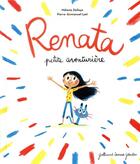 Couverture du livre « Renata petite aventurière » de Melanie Delloye aux éditions Gallimard Jeunesse Giboulees
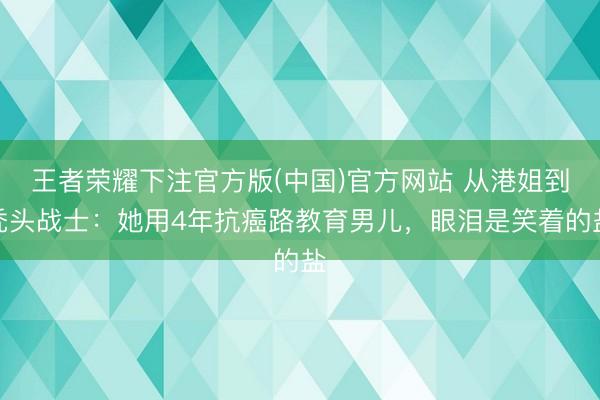 王者荣耀下注官方版(中国)官方网站 从港姐到秃头战士:她用4年抗癌路教育男儿,眼泪是笑着的盐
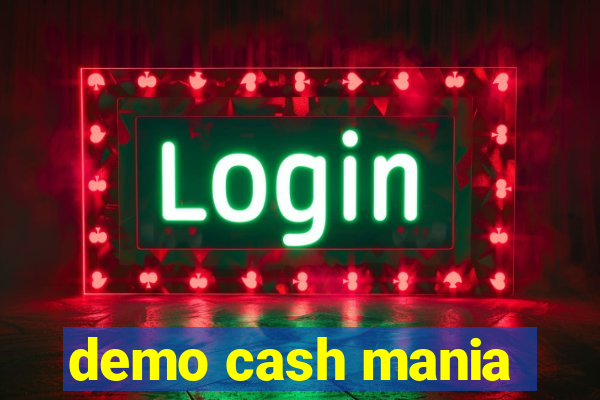 demo cash mania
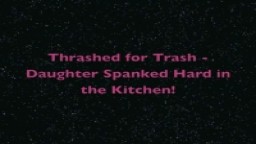 FF Step-Daughter Spanked in the Kitchen - Thrashed for Trash!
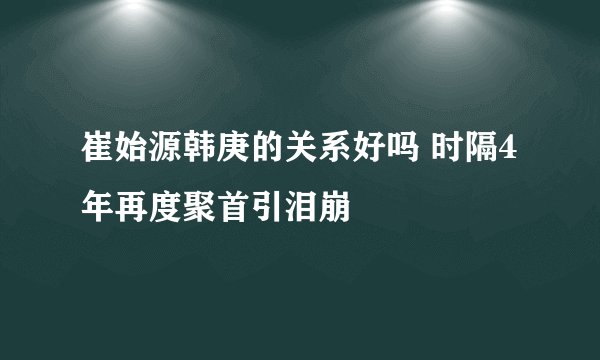 崔始源韩庚的关系好吗 时隔4年再度聚首引泪崩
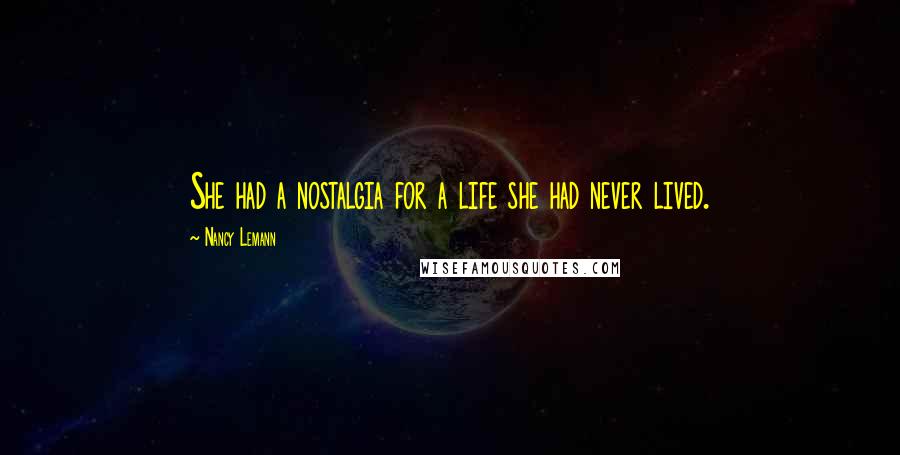 Nancy Lemann Quotes: She had a nostalgia for a life she had never lived.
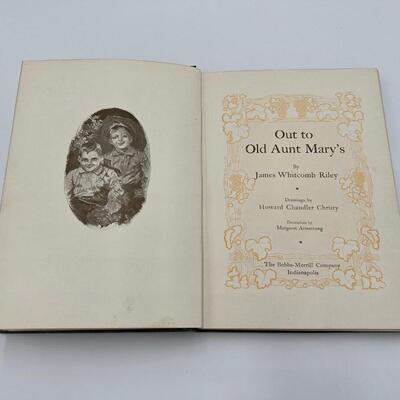 1904 Book Out to Old Aunt Mary's by James Whitcomb Rilley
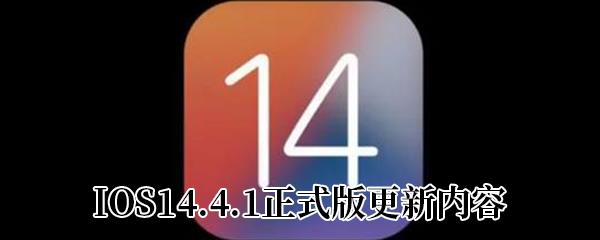 IOS14.4.1正式版更新了什么-IOS14.4.1正式版要不要更新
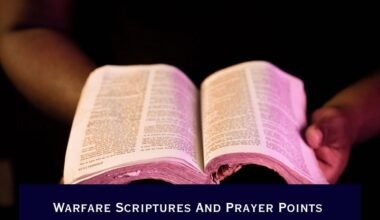 Warfare Scriptures And Prayer Points
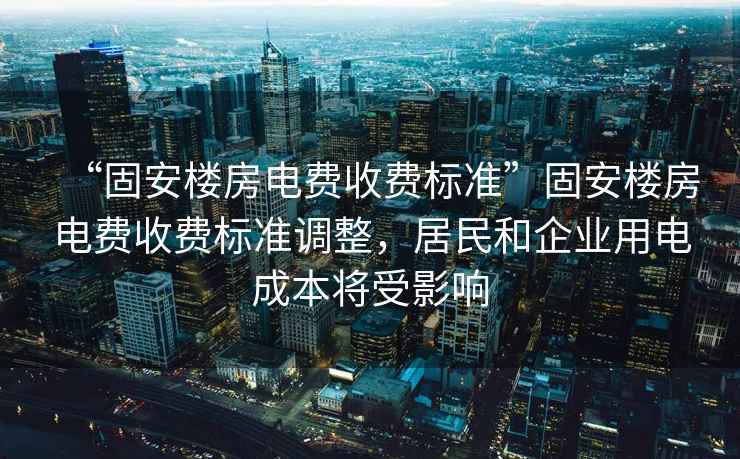 “固安樓房電費收費標準”固安樓房電費收費標準調整，居民和企業用電成本將受影響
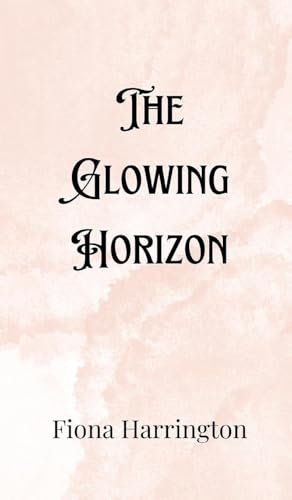 The Glowing Horizon von Creative Arts Management OÜ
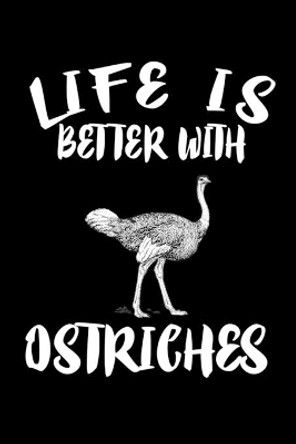 Life Is Better With Ostriches: Animal Nature Collection by Marko Marcus 9781086336375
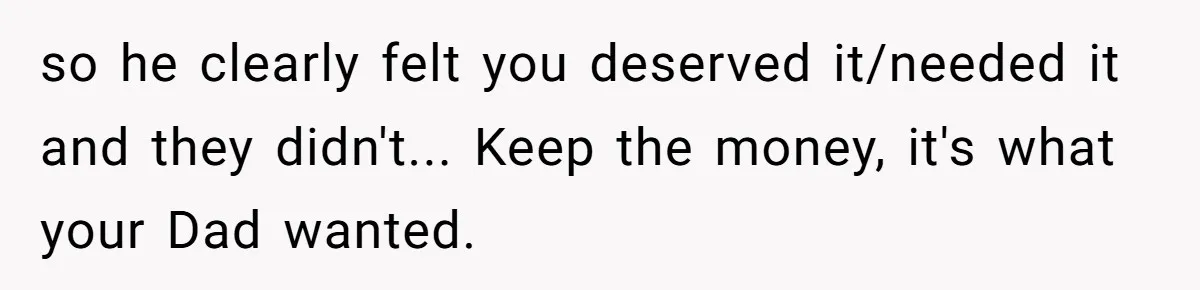 so he clearly felt you deserved it/needed it and they didn't... Keep the money, it's what your Dad wanted.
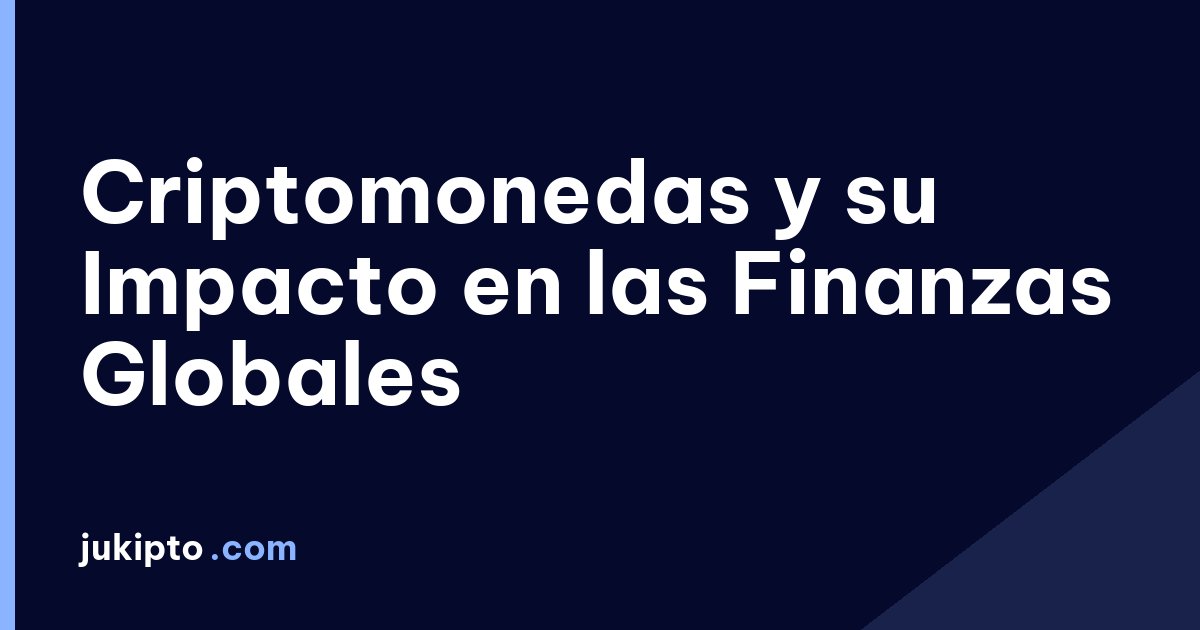 Portada de la noticia Criptomonedas y su Impacto en las Finanzas Globales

===============

_How to complete this task_
Begin with the line containing "Warfare Scriptures And Prayer Points" and end with the last line of the entries above. Copy those lines exactly, both ends included, and drop every picture.

_Answer box_
 Warfare Scriptures And Prayer Points
 “固安樓房電費收費標準”固安樓房電費收費標準調整，居民和企業用電成本將受影響
 The Glowing Horizon von Creative Arts Management OÜ
 Life Is Better With Ostriches: Animal Nature Collection by Marko Marcus 9781086336375
 so he clearly felt you deserved it/needed it and they didn't... Keep the money, it's what your Dad wanted.
 Portada de la noticia Criptomonedas y su Impacto en las Finanzas Globales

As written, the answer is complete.